- Work instructions: The stretch wanted below opens at the line containing "Toyota HILUX 2023 7972432-8" and closes at the line containing "로즈힙 (원룸형+테라스) |". Please return it exactly, with no other lines.

- Data to use:
○ ○ ○ ○ ○
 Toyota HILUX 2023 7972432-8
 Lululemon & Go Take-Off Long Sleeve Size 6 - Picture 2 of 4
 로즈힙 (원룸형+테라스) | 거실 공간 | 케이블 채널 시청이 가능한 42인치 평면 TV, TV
○ ○ ○ ○ ○
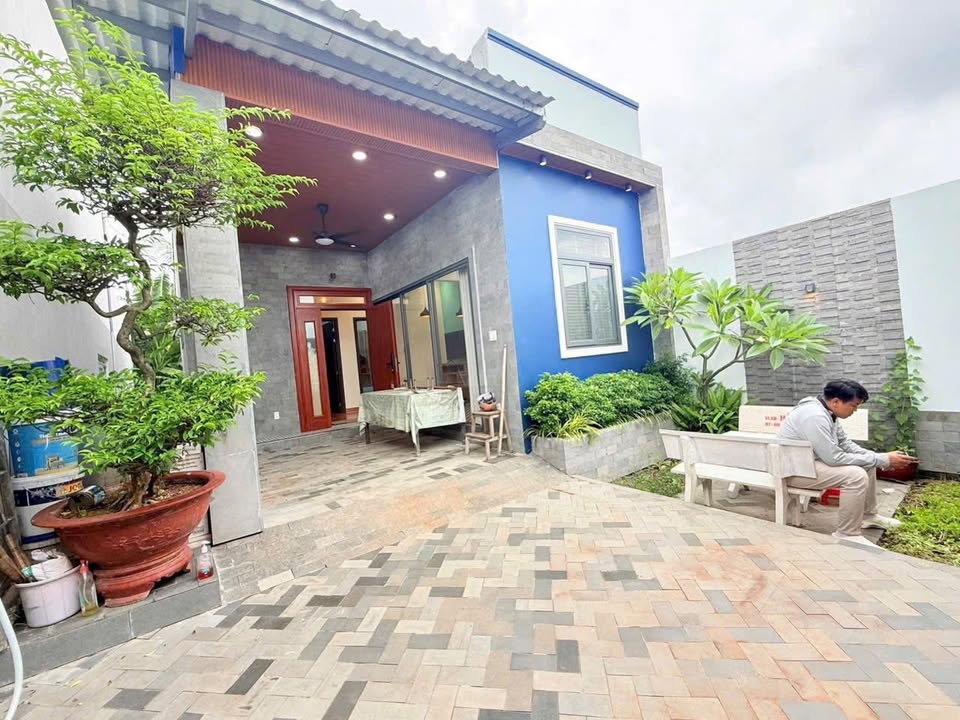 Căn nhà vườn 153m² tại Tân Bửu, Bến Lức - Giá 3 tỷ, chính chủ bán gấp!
○ ○ ○ ○ ○
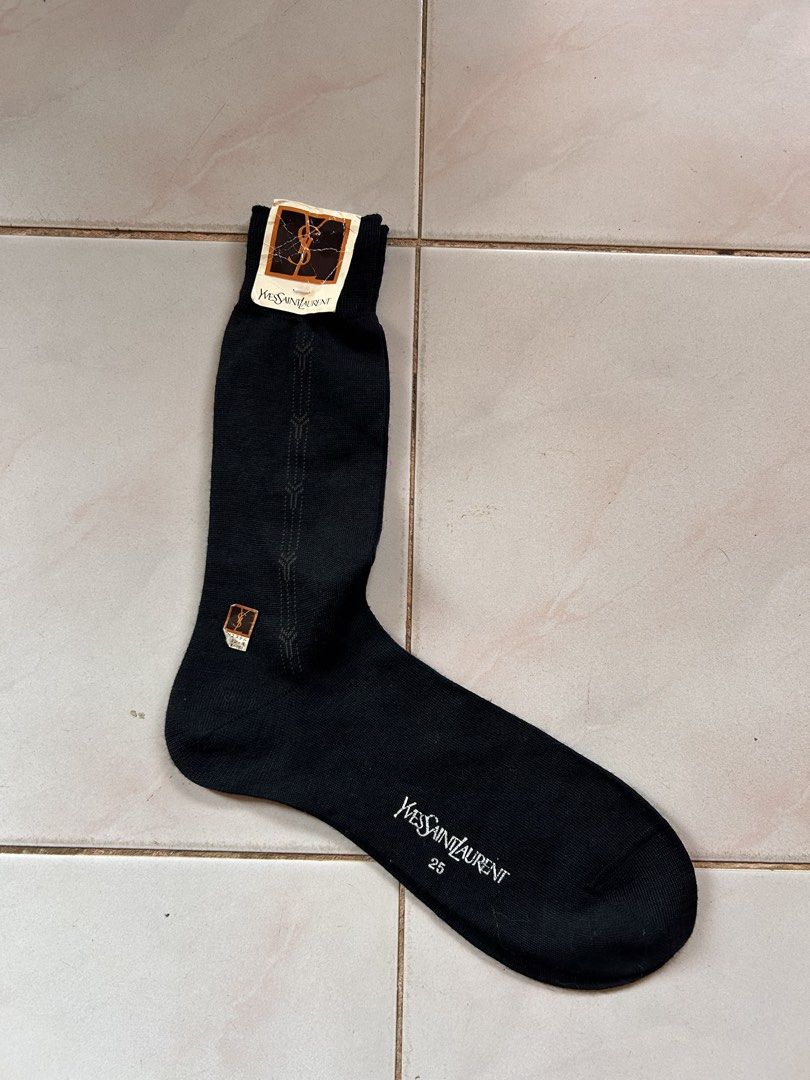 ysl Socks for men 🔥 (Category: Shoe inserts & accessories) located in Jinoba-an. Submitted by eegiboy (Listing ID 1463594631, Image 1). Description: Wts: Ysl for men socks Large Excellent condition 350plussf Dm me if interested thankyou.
○ ○ ○ ○ ○
- Answer to the exercise:
 Toyota HILUX 2023 7972432-8
 Lululemon & Go Take-Off Long Sleeve Size 6 - Picture 2 of 4
 로즈힙 (원룸형+테라스) | 거실 공간 | 케이블 채널 시청이 가능한 42인치 평면 TV, TV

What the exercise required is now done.